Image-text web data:
───
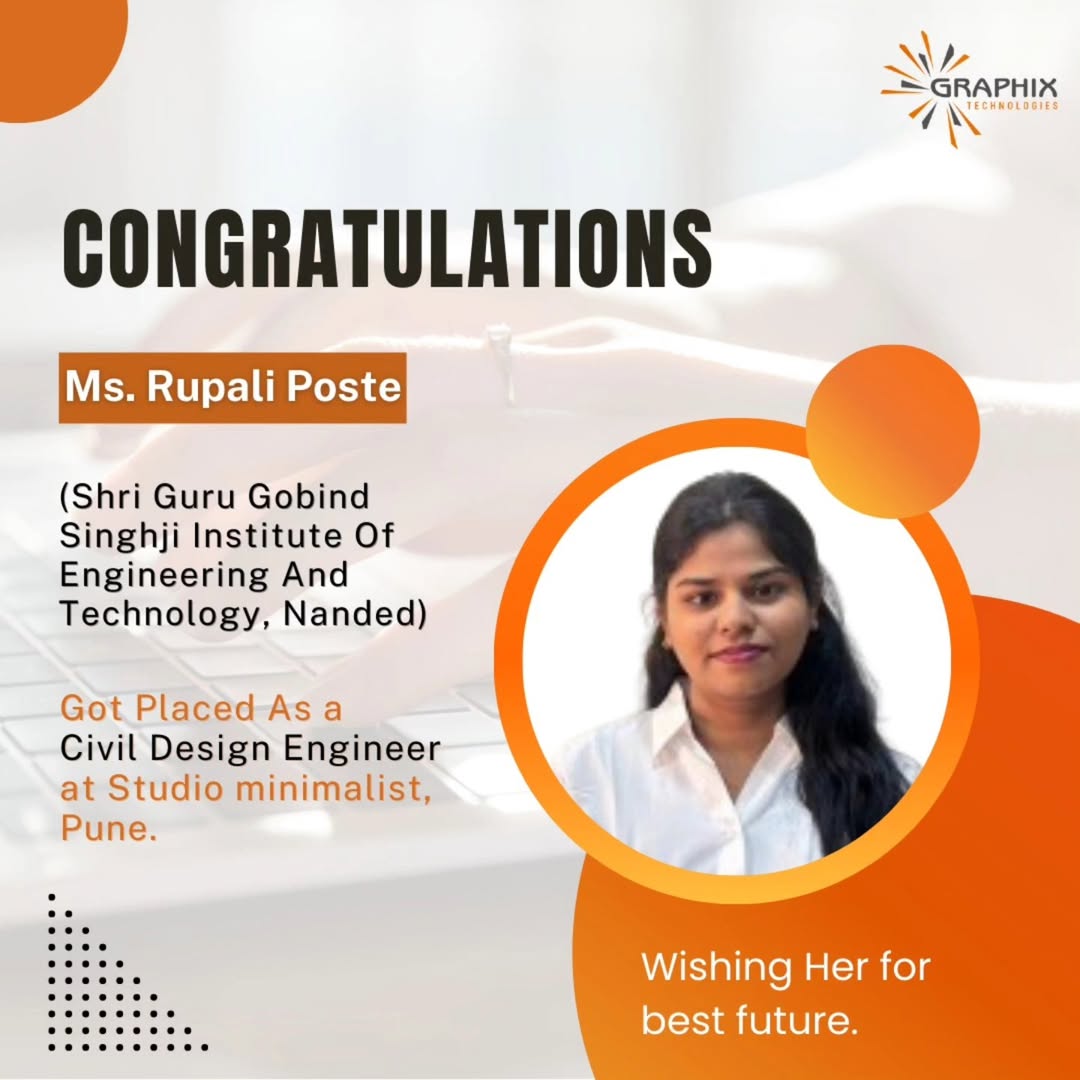You are currently viewing Ms.Rupali Poste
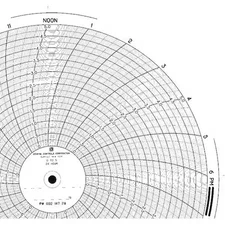 Graphic Controls Pw  00214728 Chart,9.938 In,0 To 5.0,1 Day,Pk100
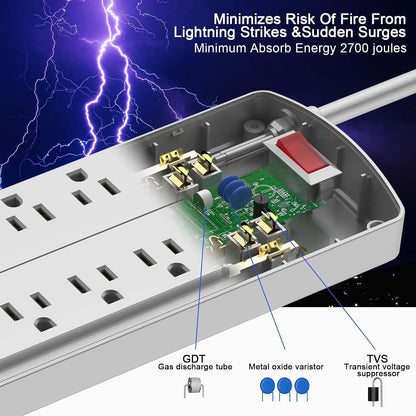 ALESTOR 10 Ft Surge Protector Power Strip with 12 Outlets and 4 USB Ports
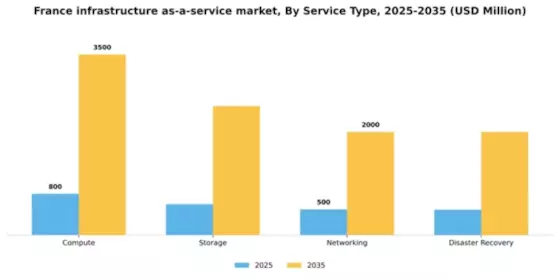 France Infrastructure as a Service Market Segment Image 3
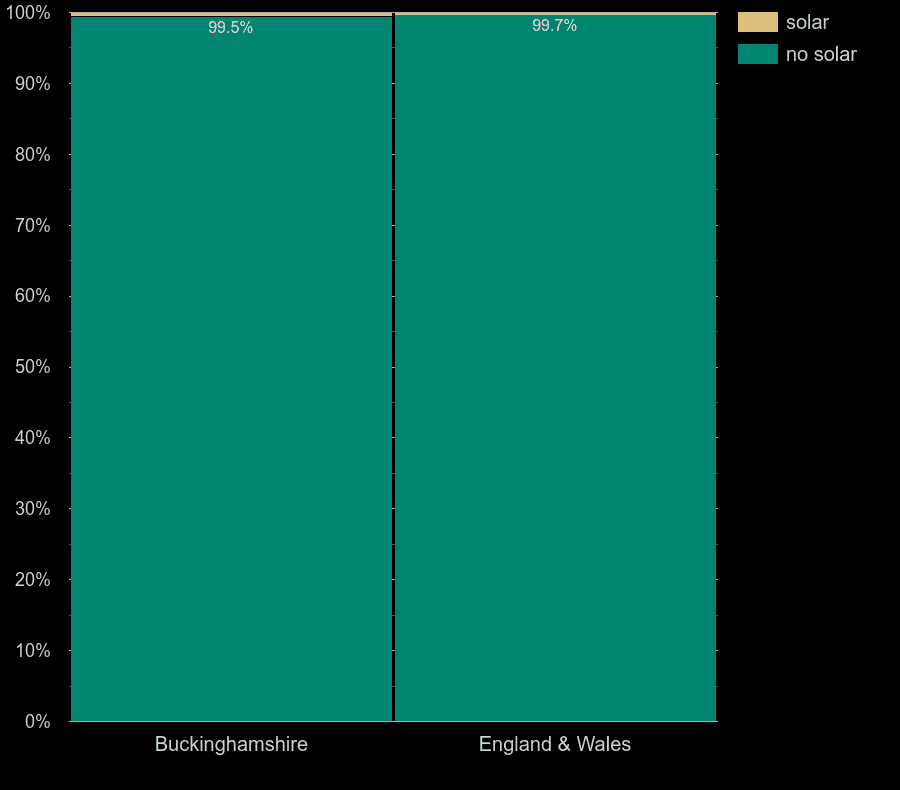 Buckinghamshire homes by solar heating availability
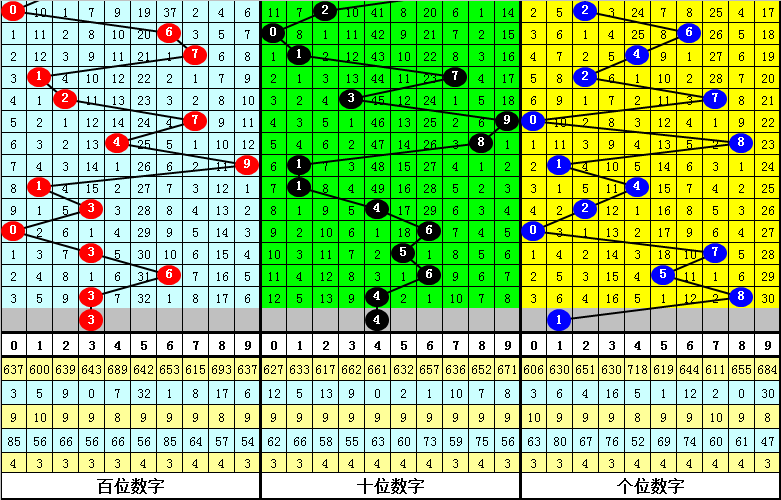 028期白姐排列三预测奖号:定位直选参考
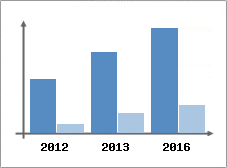 Chiffre d'affaires et Rentabilité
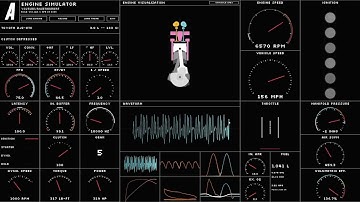 Engine Sim - Toyota 2JZ-GTE (Supra Turbo JZA80)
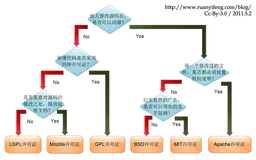 一图秒懂开源许可证协议-GPL、BSD、MIT、Mozilla、Apache,LGPL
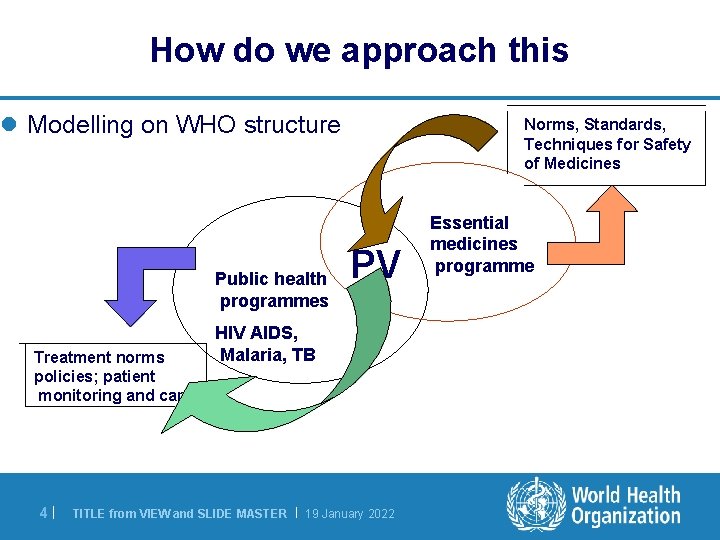 How do we approach this l Modelling on WHO structure Public health programmes Treatment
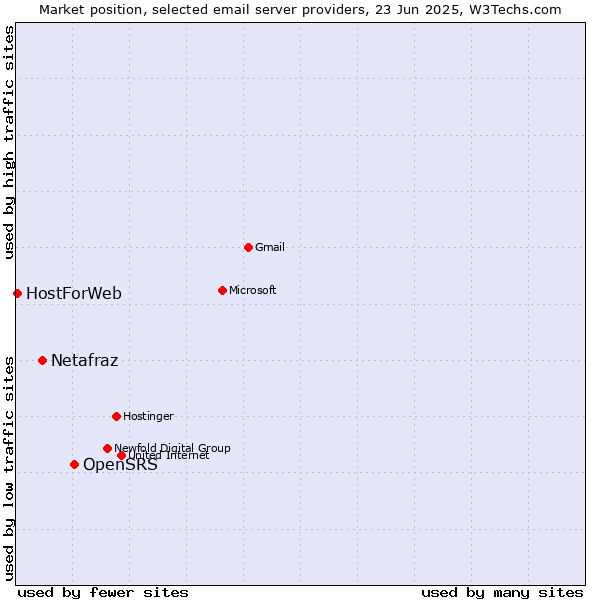 Market position of OpenSRS vs. Netafraz vs. HostForWeb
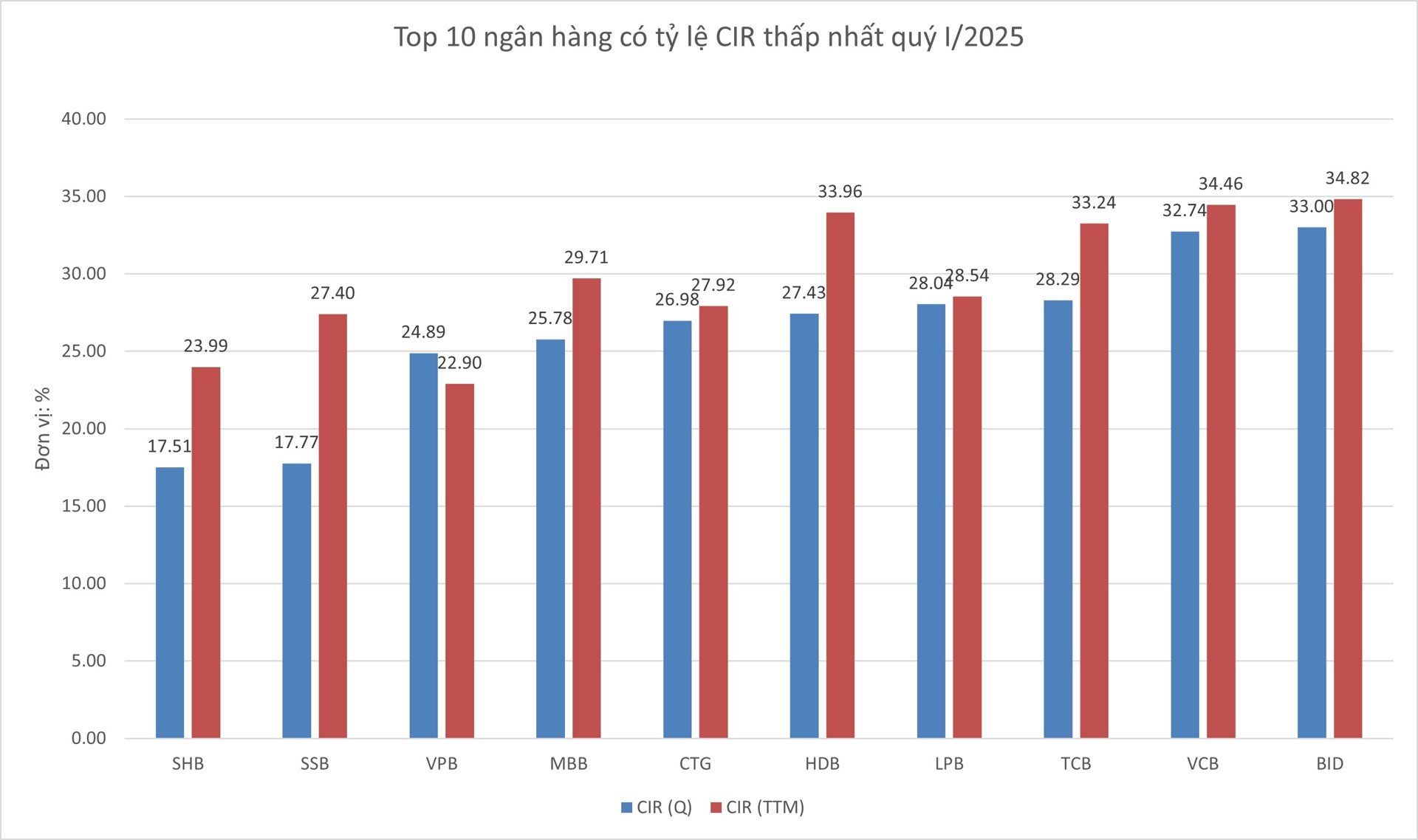 Top 10 ngân hàng có tỷ lệ CIR thấp nhất quý I/2025 - Ảnh 1 Top 10 ngân hàng có tỷ lệ CIR thấp nhất quý I/2025 - Ảnh 1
───
YOUR INSTRUCTIONS - Each entry should be set down exactly, pictures excluded.

TASK ANSWER -
You are currently viewing Ms.Rupali Poste
 Graphic Controls Pw  00214728 Chart,9.938 In,0 To 5.0,1 Day,Pk100
 ALESTOR 10 Ft Surge Protector Power Strip with 12 Outlets and 4 USB Ports
 France Infrastructure as a Service Market Segment Image 3
 Buckinghamshire homes by solar heating availability
 028期白姐排列三预测奖号:定位直选参考
 Chiffre d'affaires et Rentabilité
 Engine Sim - Toyota 2JZ-GTE (Supra Turbo JZA80)
 一图秒懂开源许可证协议-GPL、BSD、MIT、Mozilla、Apache,LGPL
 How do we approach this l Modelling on WHO structure Public health programmes Treatment
 Market position of OpenSRS vs. Netafraz vs. HostForWeb
 Top 10 ngân hàng có tỷ lệ CIR thấp nhất quý I/2025 - Ảnh 1 Top 10 ngân hàng có tỷ lệ CIR thấp nhất quý I/2025 - Ảnh 1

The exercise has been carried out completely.